Now, we are all set to move on to building the Bayesian Model Selection and Averaging part. The following code illustrates how to use it:
#Import modeule
from bayesframe import BayesFrame
from bayesframe import load_data
from bayesframe import load_test_data
#Load the data
data = load_data()
#Initialize the model
bframe = BayesFrame(df=data, target="Target", val_scheme=None,
bic_scheme="per_n", model_scheme=["selection"])
#Print the best model
print(bframe.zoo)
It will print:
{'O_N_CH2_NH': {'BIC': 1.1925678847679801,
'Delta_BIC': 0.0,
'intercept': 1.5896455262621,
'n_dp': 20,
'rmse': 0.08917024884254064,
'slope': array([-1.04318739, 0.52604511, 0.39987429, 1.14262368])}}
In the above code, df
(you can also use fpath
), target
, val_scheme
, and bic_scheme
has the same meaning as LinZoo
class. model_scheme
is the specification of which sheme to use for model deployment. ["selection"]
will use the best model to make future prediction. To use Bayesian Model Averaging (BMA), use ["averaging", "all"]
which will use all models in the averaging scheme. If you want to use only the low lying models, use numerical value instead of "all", e.g., 0.5
to take models which are within σo
to σo + 0.5 σo Occam's window.
To make prediction with the model:
#Load the test data
t_data = load_test_data()
#Make prediction on the test data
bframe(data=t_data, outpath="out.csv", target="Target", print_rmse=True)

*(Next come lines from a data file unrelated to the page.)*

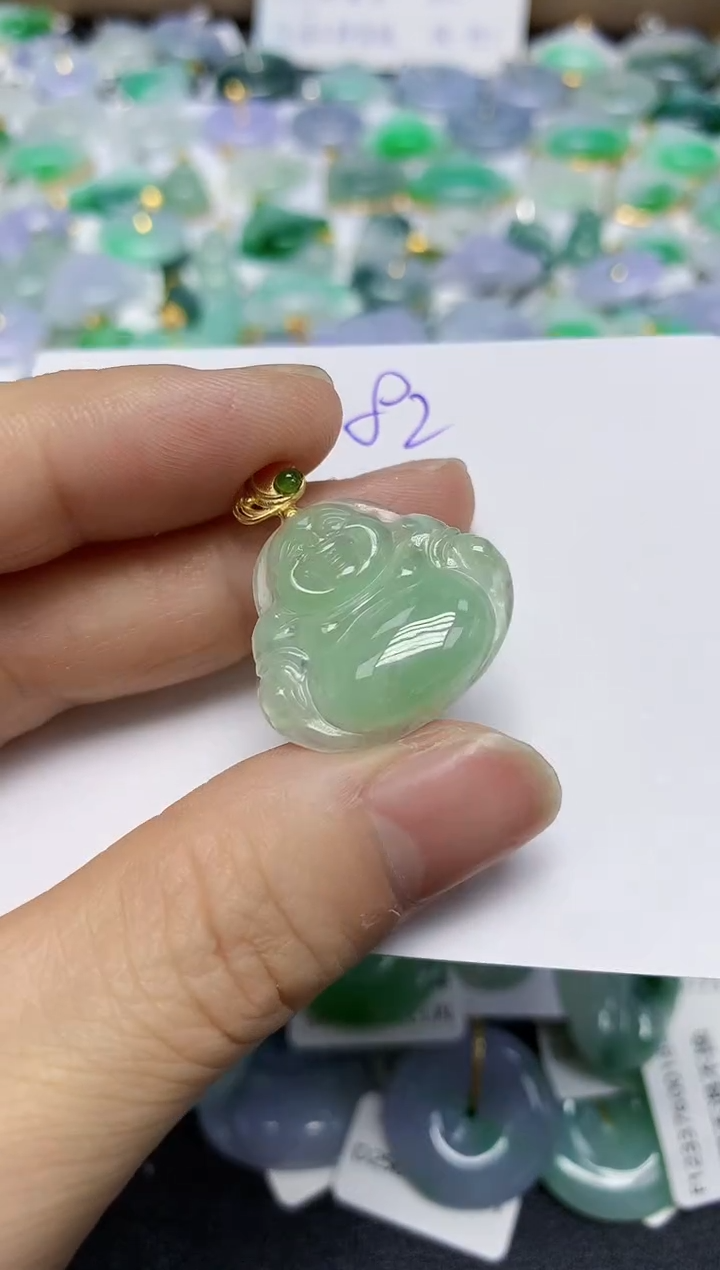 翡翠未镶嵌颈饰天然缅甸翡翠A货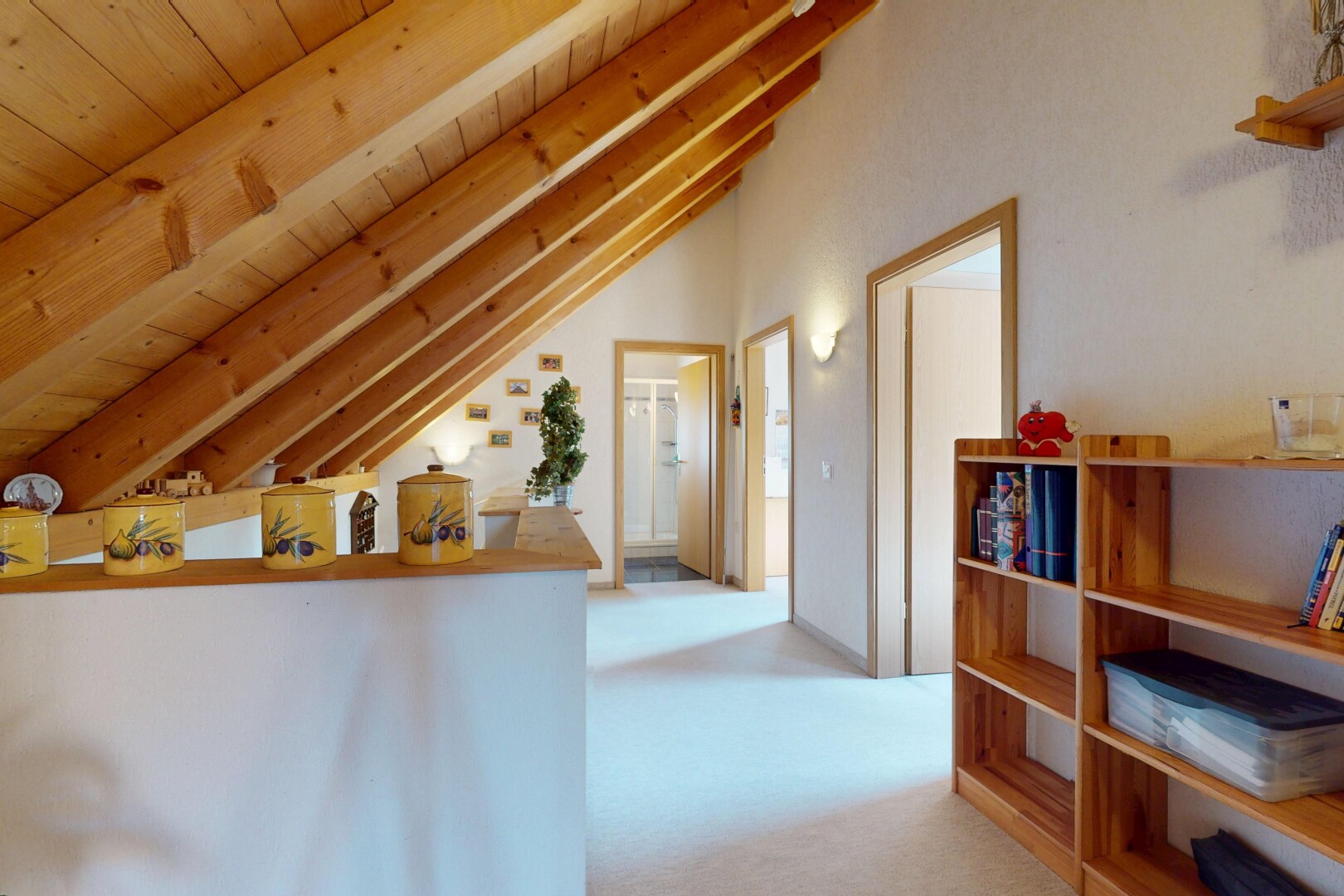 couloir avec plafond voûté, vaulted ceiling, inside property, moquette, et carpet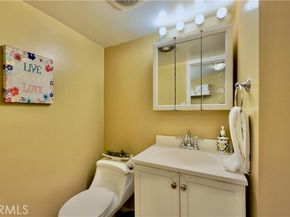 6118 Bellingham Avenue, North Hollywood (los Angeles) CA 91606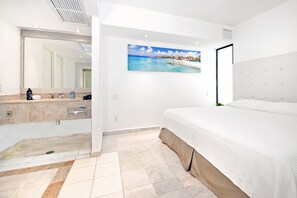 Espacio para trabajar con laptop, wifi gratis y ropa de cama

It will print out the following line in the console:
Computed RMSE: 0.0902776566069057
Here, data
is the dataframe to make prediction on. Alternatively, you can specify the path to csv file using fpath
. outpath
is the path to the csv file where output will be written in. target
is the column of the target properties and print_rmse
will print rmse onto the console.
To use averaging, change few lines:
#Import modeule
from bayesframe import BayesFrame
from bayesframe import load_data
from bayesframe import load_test_data
#Load the data
data = load_data()
#Initialize the model
bframe = BayesFrame(df=data, target="Target", val_scheme=None,
bic_scheme="per_n", model_scheme=["averaging", "all"])
#Load the test data
t_data = load_test_data()
#Make prediction on the test data
bframe(data=t_data, outpath="out.csv", target="Target", print_rmse=True)
The printed RMSE:
Computed RMSE: 0.10988286281396
As expected, model averaging performance is slightly worse than model selection performance as we are averaging over all the models rather than taking the best one, in return the prediction will be much more robust than the model selection scheme.